Açıkçası, AK Parti’nin önlenemeyen yükselişi bir sorun olarak algılanmış ve AK Parti’nin Cumhurbaşkanı seçmesi, rejimin son kalesinin düşmesi gibi yorumlanmıştır. Kutlu Doğum etkinlikleri bahane edilerek çıkarılan laiklik krizi ise toplumda ters etki yapmıştır. 27 Nisan bildirisi açık şekilde ‘laik-anti laik’ kamplaşmasını kaşımış, seçilmiş iktidarı bir tehlike olarak göstermiş ve hükümete karşı toplum kesimlerini tahrik etmiştir.
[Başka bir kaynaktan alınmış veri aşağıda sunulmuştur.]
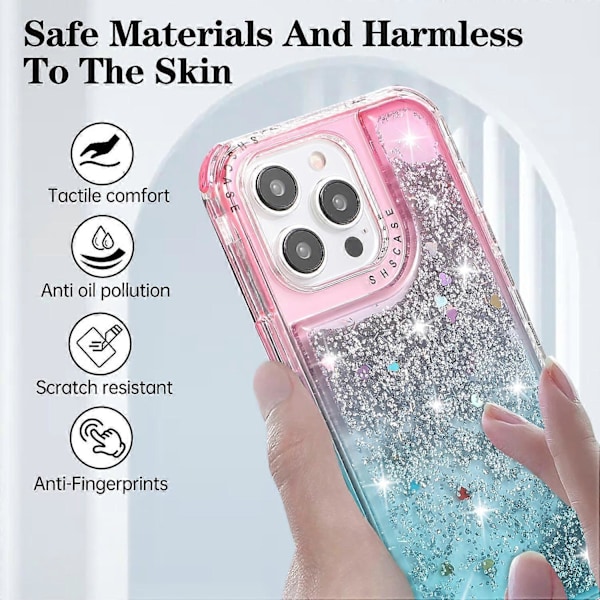 Til iPhone 13 Pro 6,1 tommer mobiltelefonetui TPU+PC Anti-drop Gradient Flydende Kviksandsskal Multicolor Pink+Light Blue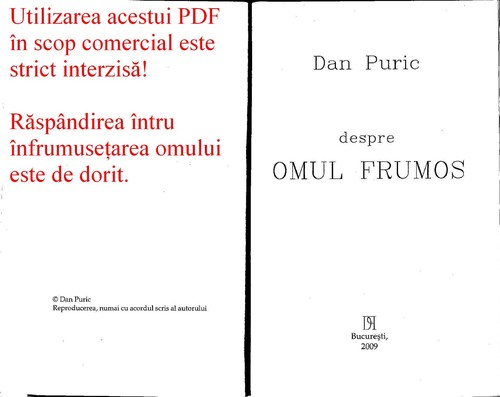 Cover for Despre omul frumos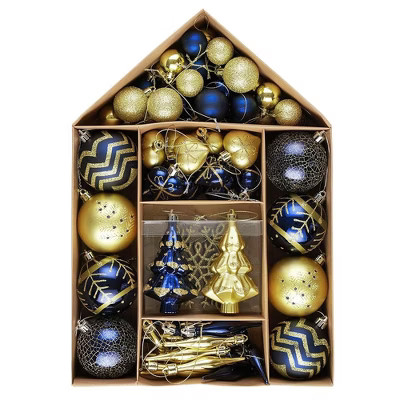 70pc Glam and Glittered Gold and Blue Elegant Christmas Ornament Set, Assorted Balls, Trees, Snowflakes, and Royal Heart Pendants| OrnamentallyYou | Target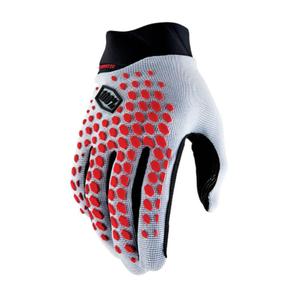 Guanti da motocross 100% Geomatic grigio-rosso
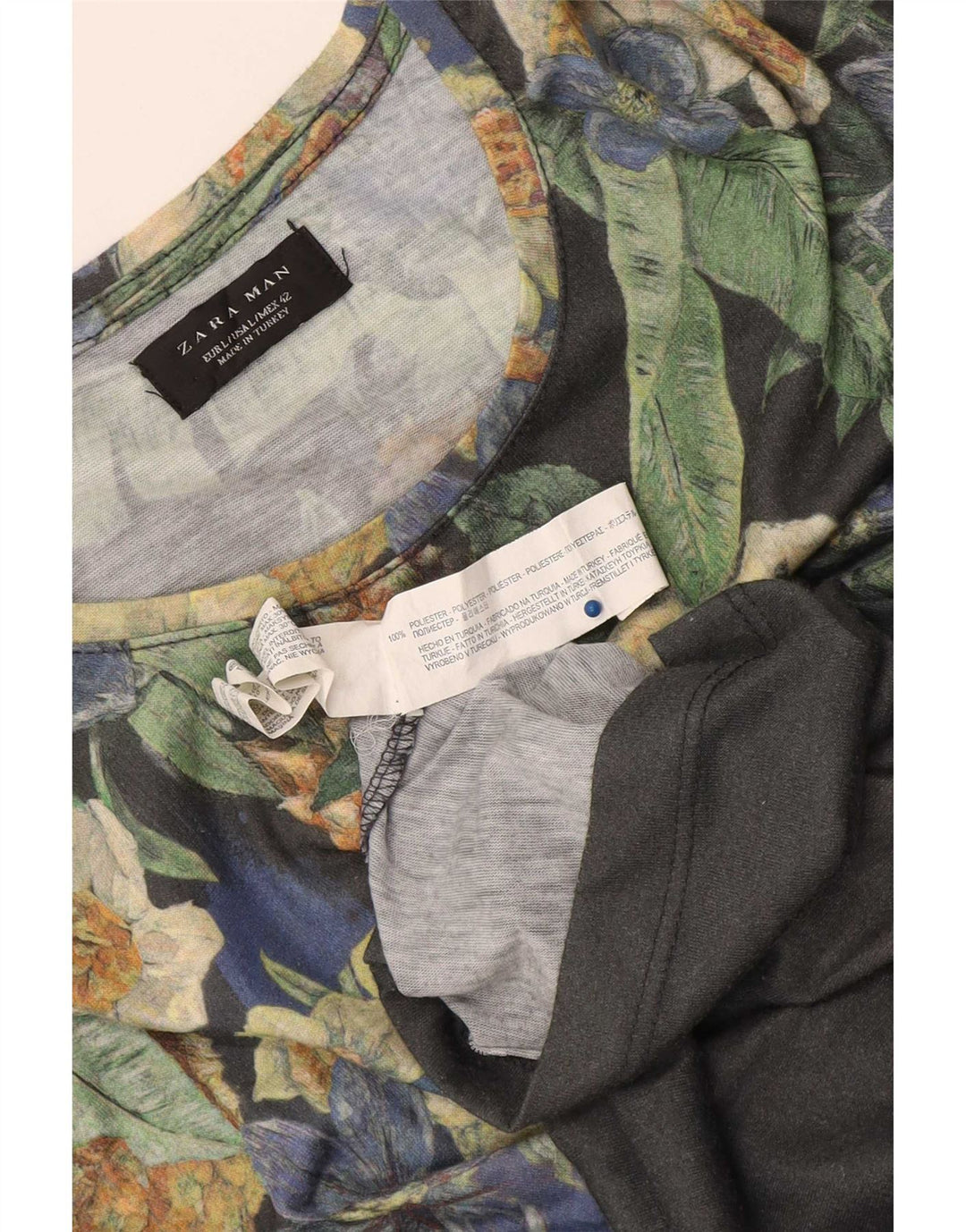 Męski T-shirt z grafiką Zara, duży, szary, kwiatowy poliester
Hükümetin dik duruşu, süreci akamete uğratmış, benzer bir 28 Şubat yaşanmasına engel olmuştur. AK Parti iktidarı, meseleyi geçiştirmemiş, üzerine almayan ve önemsemeyen silik bir tavır sergilememiş, takındığı sert ve kararlı tavırla meselenin ciddi boyutlara ulaşmasının önünü kesmiştir.
Medyanın darbesever kesimi AK Parti’yi iktidardan düşürmek için ‘erken seçim çağrısı’ yaparken, bazı demokrat kalemler ise ‘aman darbe olmasın’ diye hükümetin önüne içinde erken seçim olan ‘yol haritaları’ koymuştur. Erken seçimin öne sürülmesinin sebebi, askerin tavır takındığı bir partinin halktan oy alamayacağı düşüncesiydi.
Anti demokratik girişimlere rest çeken hükümet ise oyunu tam tersine çevirmiş ve 1 Mayıs’ta AYM’nin Meclis’teki Cumhurbaşkanı seçim turunu iptal etmesinin ardından seçim kararı alarak hem demokrasiyi korumuş, hem de iktidarını daha güçlü şekilde sürdürmüştür.
27 Nisan olayında siyasi partilerin, medyanın ve bir kısım derneklerin takındığı tavır sorgulanmadan müdahaleler konusunda ciddi bir ‘hesaplaşma’ yaşandığı söylenemez.